A regional publisher’s finance chief has insisted a newspaper group responsible for publishing three daily titles “remains strong” after it posted a £7m pre-tax loss for last year.
However, the company now says the reported loss was the result of a “corporate restructure” which involved inter-company debts being written off, and that it actually posted an operating profit of £8.8m.
Newsquest (Herald & Times Limited) has now officially been transferred into its parent company meaning its accounts will no longer be published separately.
In a statement, Newsquest Scotland and Northern Ireland finance director Richard Beastall said: “The reports identified that the company made a pre-tax loss of £7m, however they did not clarify that the underlying performance of the business remains strong.
“The reported loss was the result of a corporate restructure which aimed to simplify Newsquest Media Group by reducing the administrative burden associated with operating many trading companies.
“To allow the restructure to be completed, a number of companies will be wound up, making it necessary to write off legacy non-cash intercompany debts.”
Richard, pictured, said an operating profit of £8.8m was made by Newsquest (Herald and Times) Limited in 2017, which was in line with the profit made on a like for like basis in 2016.
He added: “Profits were maintained at this level despite revenue declining by £1.8m, meaning an operating profit margin growth of 0.8pc to 20.4pc was achieved.
“Once the results of the other Scottish operating company Newsquest (Clyde and Forth Press) Limited are included, the overall performance of the Scottish and Northern Irish operations of Newsquest returned profits of £10.7m at a margin of 20.1pc.

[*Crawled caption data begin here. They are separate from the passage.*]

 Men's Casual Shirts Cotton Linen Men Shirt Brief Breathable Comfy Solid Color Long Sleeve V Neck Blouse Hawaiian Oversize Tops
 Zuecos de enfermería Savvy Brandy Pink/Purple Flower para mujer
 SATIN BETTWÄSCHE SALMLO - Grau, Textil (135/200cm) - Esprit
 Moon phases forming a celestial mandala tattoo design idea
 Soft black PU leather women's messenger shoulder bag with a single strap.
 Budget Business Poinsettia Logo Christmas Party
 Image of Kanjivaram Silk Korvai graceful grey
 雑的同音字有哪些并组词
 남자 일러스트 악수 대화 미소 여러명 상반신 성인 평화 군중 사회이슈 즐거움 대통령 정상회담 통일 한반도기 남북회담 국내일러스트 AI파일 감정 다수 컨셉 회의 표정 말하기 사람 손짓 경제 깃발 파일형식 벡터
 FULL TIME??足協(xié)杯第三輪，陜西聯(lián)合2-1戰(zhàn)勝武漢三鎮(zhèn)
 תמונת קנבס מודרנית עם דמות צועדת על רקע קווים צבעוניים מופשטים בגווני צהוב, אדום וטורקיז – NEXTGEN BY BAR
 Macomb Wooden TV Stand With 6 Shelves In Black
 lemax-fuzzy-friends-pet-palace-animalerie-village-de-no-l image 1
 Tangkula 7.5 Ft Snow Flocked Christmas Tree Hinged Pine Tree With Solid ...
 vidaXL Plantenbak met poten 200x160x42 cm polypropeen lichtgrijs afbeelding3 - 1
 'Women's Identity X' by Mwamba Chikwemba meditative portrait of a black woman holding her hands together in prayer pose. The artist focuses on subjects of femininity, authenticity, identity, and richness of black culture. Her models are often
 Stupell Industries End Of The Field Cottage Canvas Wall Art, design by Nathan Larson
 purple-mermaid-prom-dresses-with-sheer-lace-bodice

This represents an improvement on the profits of £10.5m at a margin of 18.9pc earned in 2016.
“This strong performance was achieved by focussing efforts to replace declining revenues earned from newspaper sales and classified advertising. The directors of the business also sought to reduce expenditure where appropriate through the removal of loss-making titles or operations.
“Whilst the challenges associated with operating within this ever-changing market persist, the directors are confident that the business remains well positioned to adapt as is necessary whilst continuing to deliver healthy profit levels.”